**THE DATA**
-- Opening Marker --

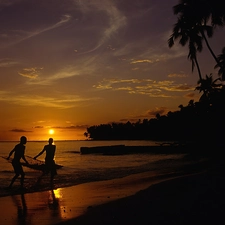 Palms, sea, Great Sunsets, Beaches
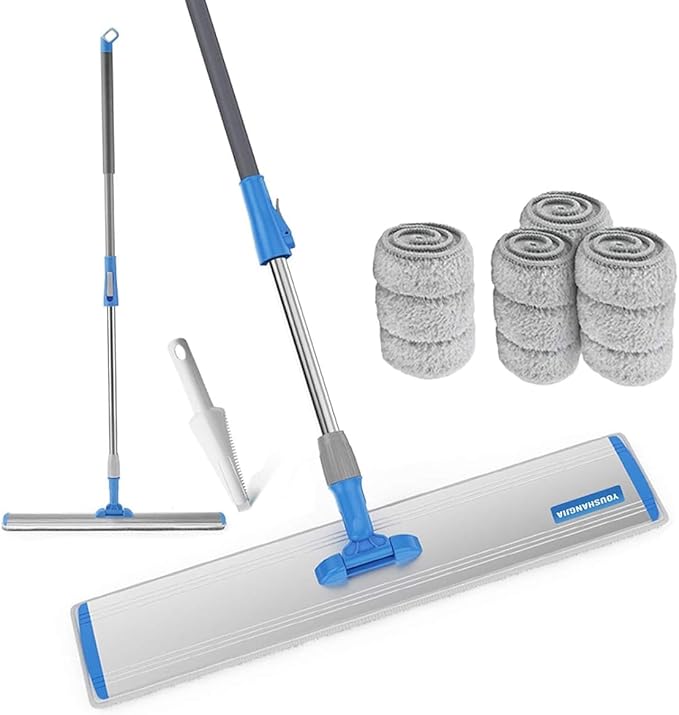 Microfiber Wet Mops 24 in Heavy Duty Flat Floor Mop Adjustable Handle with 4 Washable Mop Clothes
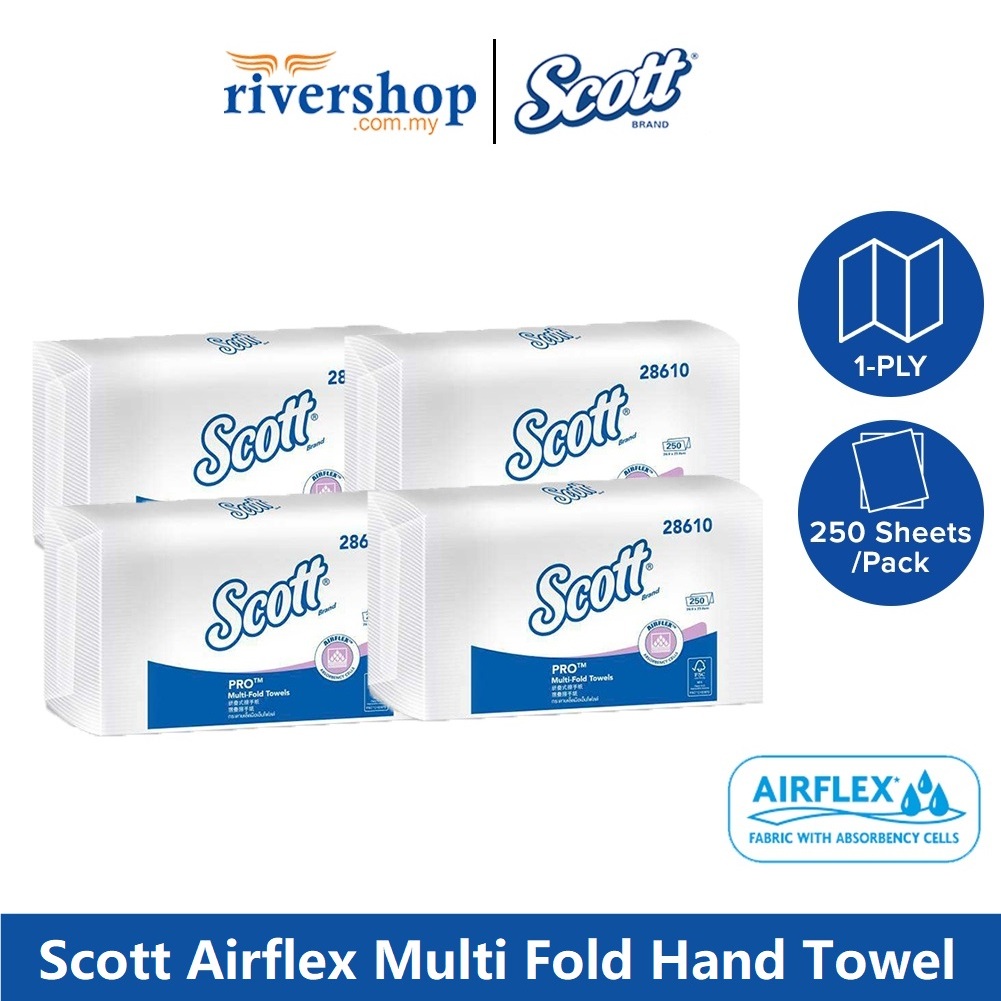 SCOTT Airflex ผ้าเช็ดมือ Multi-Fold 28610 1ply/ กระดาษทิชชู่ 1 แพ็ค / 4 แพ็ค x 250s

-- Closing Marker --
-- Opening Marker --

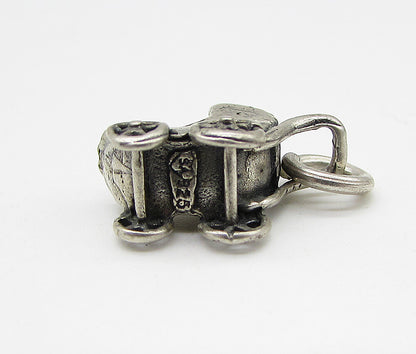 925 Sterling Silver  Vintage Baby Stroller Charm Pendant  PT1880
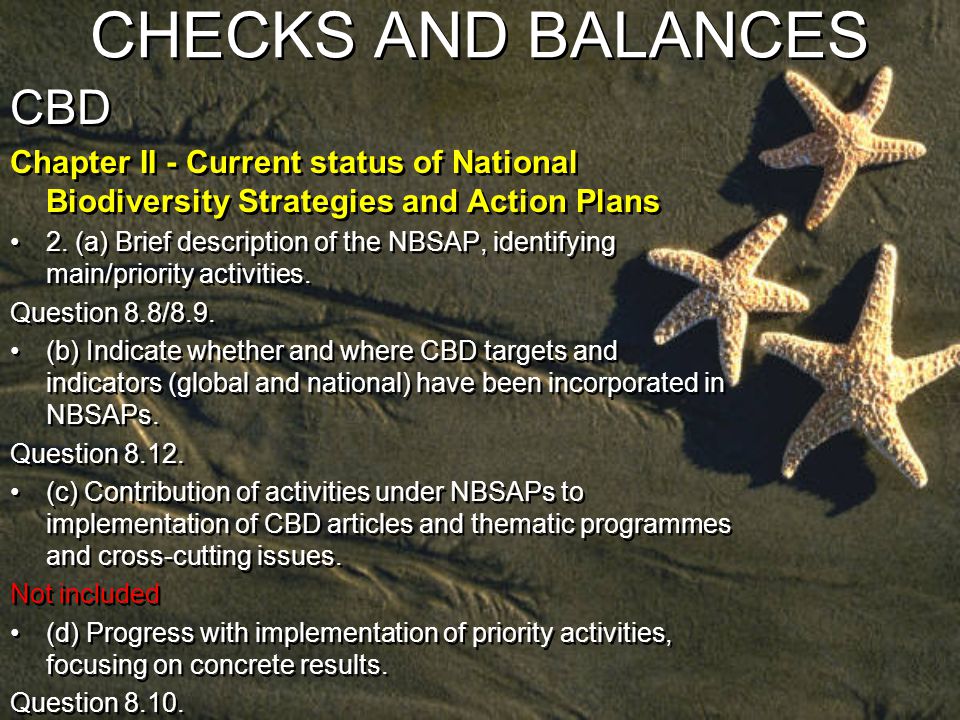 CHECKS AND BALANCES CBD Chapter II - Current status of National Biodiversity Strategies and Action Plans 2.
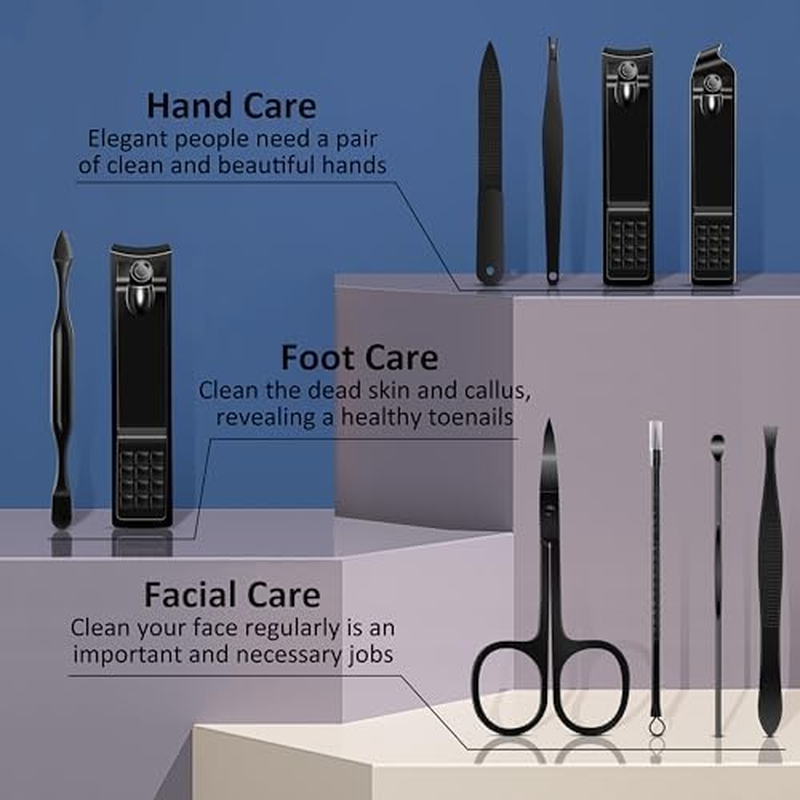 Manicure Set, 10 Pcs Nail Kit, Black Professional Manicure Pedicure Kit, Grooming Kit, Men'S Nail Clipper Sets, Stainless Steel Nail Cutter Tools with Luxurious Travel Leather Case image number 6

-- Closing Marker --
-- Opening Marker --

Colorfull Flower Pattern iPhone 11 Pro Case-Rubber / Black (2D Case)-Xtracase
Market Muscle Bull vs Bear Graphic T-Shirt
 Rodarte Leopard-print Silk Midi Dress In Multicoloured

-- Closing Marker --

**EXERCISE**
Within the listing above, extract exactly the lines from the line with "Market Muscle Bull vs Bear Graphic T-Shirt" to the line with "Rodarte Leopard-print Silk", the two named lines included, and no others.

**ANSWER TO THIS TASK**
Market Muscle Bull vs Bear Graphic T-Shirt
 Rodarte Leopard-print Silk Midi Dress In Multicoloured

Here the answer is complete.